Parsing Webpage Content
The parseUrl
function fetches the HTML of a given URL, cleans it, and converts it to Markdown:
const parseUrl = async (url) => {
try {
// Configure fetch request with browser-like headers
const response = await fetch(url, {
headers: {
"User-Agent": "Mozilla/5.0 (Macintosh; Intel Mac OS X 10_15_7)",
Accept:
"text/html,application/xhtml+xml,application/xml;q=0.9,image/webp,*/*;q=0.8",
},
});
if (!response.ok) {
throw new Error(`HTTP error! status: ${response.status}`);
}
const html = await response.text();
// Initialize HTML parser and markdown converter
const $ = cheerio.load(html);
const turndown = new TurndownService({
headingStyle: "atx",
codeBlockStyle: "fenced",
});
// Clean up HTML by removing unnecessary elements
$("script, style, nav, footer, iframe, .ads").remove();
// Extract title and main content
const title = $("title").text().trim() || $("h1").first().text().trim();
const mainContent =
$("article, main, .content, #content, .post").first().html() ||
$("body").html();
const content = turndown.turndown(mainContent || "");
return { title, content };
} catch (error) {
console.error(`Failed to parse ${url}:`, error.message);
return null;
}
};
This function ensures a clean, readable Markdown by removing non-essential elements like scripts and ads.
Sanitizing Keywords
To prevent filename issues, we can sanitize keywords before using them in filenames:
const sanitizeKeyword = (keyword) => {
return keyword
.replace(/\\s+/g, "_") // Replace spaces with underscores
.substring(0, 15) // Truncate to 15 characters
.toLowerCase(); // Convert to lowercase
};
Writing to Markdown
This function writes the parsed content to a Markdown file, using the sanitize function to set the file's name:
const writeToMarkdown = async (data, keyword, index, url) => {
const sanitizedKeyword = sanitizeKeyword(keyword);
const filename = path.join(
"output",
`${new Date().toISOString()}_${sanitizedKeyword}_${index + 1}.md`
);
const content = `[//]: # (Source: ${url})\\n\\n# ${data.title}\\n\\n${data.content}`;
await fs.writeFile(filename, content, "utf-8");
return filename;
};
Main Execution
The main script invokes the process. Update the keywords array to keywords relevant to your use case:
// Example Keyword array
const keywords = ["coffee", "playstation 5", "web scraping"];
// Main execution block
(async () => {
try {
// Create output directory if it doesn't exist
await fs.mkdir("output", { recursive: true });
// Process each keyword
for (const keyword of keywords) {
const results = await fetchSearchResults(keyword);
// Process search results if available
if (results.organic_results && results.organic_results.length > 0) {
for (const [index, result] of results.organic_results.entries()) {
try {
const data = await parseUrl(result.link);
const filename = await writeToMarkdown(
data,
keyword,
index,
result.link
);
console.log(`Written to: ${filename}`);
} catch (err) {
console.error(`Failed to process ${result.link}:`, err.message);
continue;
}
}
} else {
console.log(`No organic results found for keyword: ${keyword}`);
}
}
} catch (error) {
console.error(error);
}
})();
To summarize the above, we:
- Setup output directory: Ensures files are saved to an appropriate location.

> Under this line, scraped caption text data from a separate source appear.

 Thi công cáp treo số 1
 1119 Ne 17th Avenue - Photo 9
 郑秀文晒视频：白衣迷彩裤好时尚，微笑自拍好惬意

- Fetch and parse results: Process each search result URL for relevant content.
- Error handling: Prevents the entire process from failing due to individual errors.
Next Steps
While the above should get you started, you may need to configure Cheerio or Turndown further to dial in the sections you're scraping.
You can find a repository for the above code here:
Conclusion
SerpApi simplifies accessing structured search engine data through programmatic methods. By leveraging code-based solutions, developers can efficiently extract and transform web pages from search results into usable formats, enabling data collection and analysis.